Ve ne yazık ki, bu seferki başbakan da çap ve feraset olarak öncekilerden üstün çıkmadı. Belli ki naturasında zaten var olduğu anlaşılan hazımsızlığın da etkisiyle, o sınırsız güç ve yetkinin ağırlığı altında psikolojikman yamuldu, çocuklaştı. Yönettiği partinin (sivil koalisyonun) ülke için bir "şans" olan soğukkanlılığı, yerini liderin entellektüel kofluğu ve hoyratlığına terk etti.

Bu hoyratlık ilk hasatını vermeye başladı bile; ülke bir kez daha -benzerini 1980 öncesinde gördüğümüz- yarılma ve çatışma iklimine doğru savruluyor.
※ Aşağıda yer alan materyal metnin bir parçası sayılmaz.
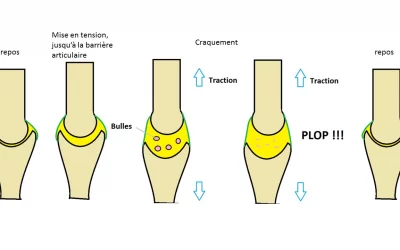 Pourquoi les articulations craquent-elles ? Explication et conseils pour éviter de craquer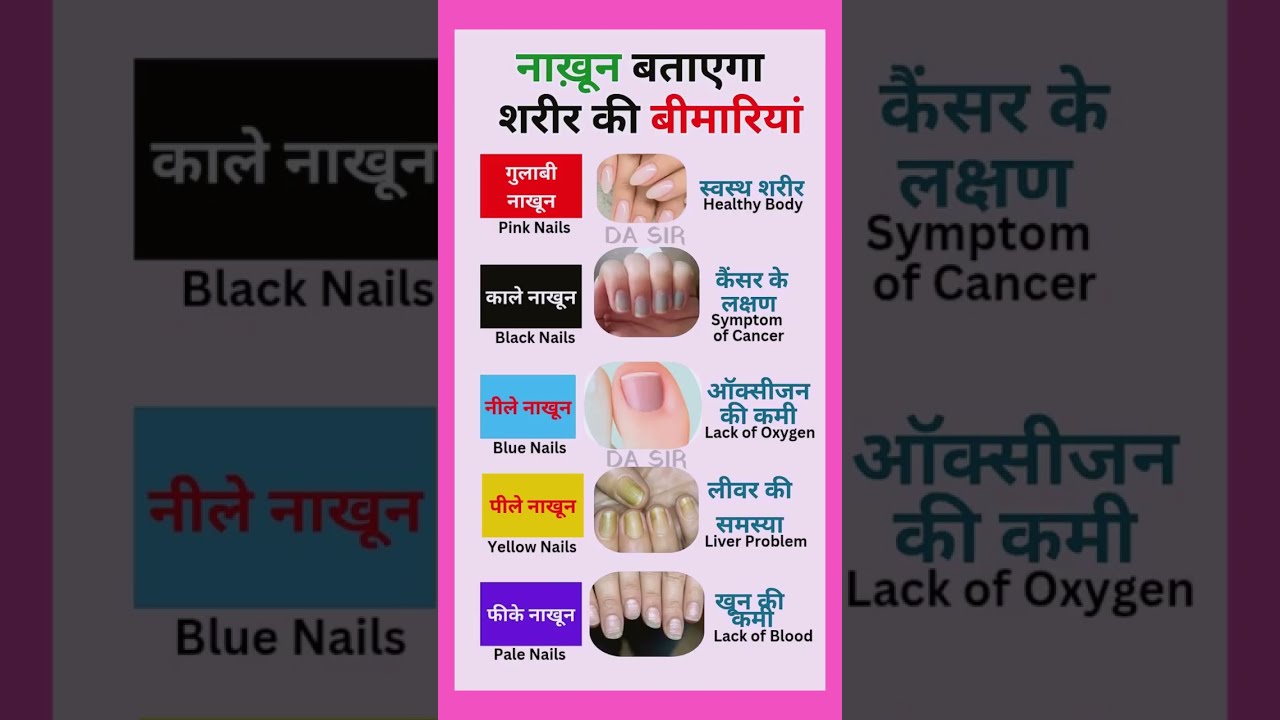 Nails Show The Diseases Of Body Disease Nail Mandible Shortsfeed Dasir4u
Artık itidal ve yansızlık sesini kitlelere duyurmakta zorluk çekiyor. Sağduyu gözden düştü. Sahne her iki uçtaki kavga çığırtkanları tarafından işgal altında. Provokasyon ve kargaşa için koşullar hazır.

Arabasına -mevzuatı iplemeyerek- kendi sembollerini yapıştıran vatandaş, belli ki kendince haksızlığa başkaldırdığını düşünüyor. Yaptığı şeyi kışkırtma olarak görmüyor. Ona o eklentiyi arabanın kaputundan sökmesi gerektiğini söyleyen polis memurunun da belki kendisi kadar fanatik Atatürkçü olabileceğini, ama diğer yandan da kanunu uygulamakla yükümlü olduğunu, iki arada bir derede kaldığını, söktürürse hükümetin yalakası, söktürmezse çapulcu olarak damgalanabileceğini, belki sicilini lekeleyecek bir soruşturmaya maruz kalabileceğini, meslekten atılabileceğini düşünemiyor.

Bendeniz hakir de -onca yıllık siyaset seyirciliğimin ve dört darbe görmüşlüğümün verdiği bıkkınlıkla- bu kışkırtma ve karşılıklı aşağılama ortamı aynı minval üzere tırmandırılırsa daha nerelere varabileceğini, ne düşünmek ne de telâffuz etmek istiyorum.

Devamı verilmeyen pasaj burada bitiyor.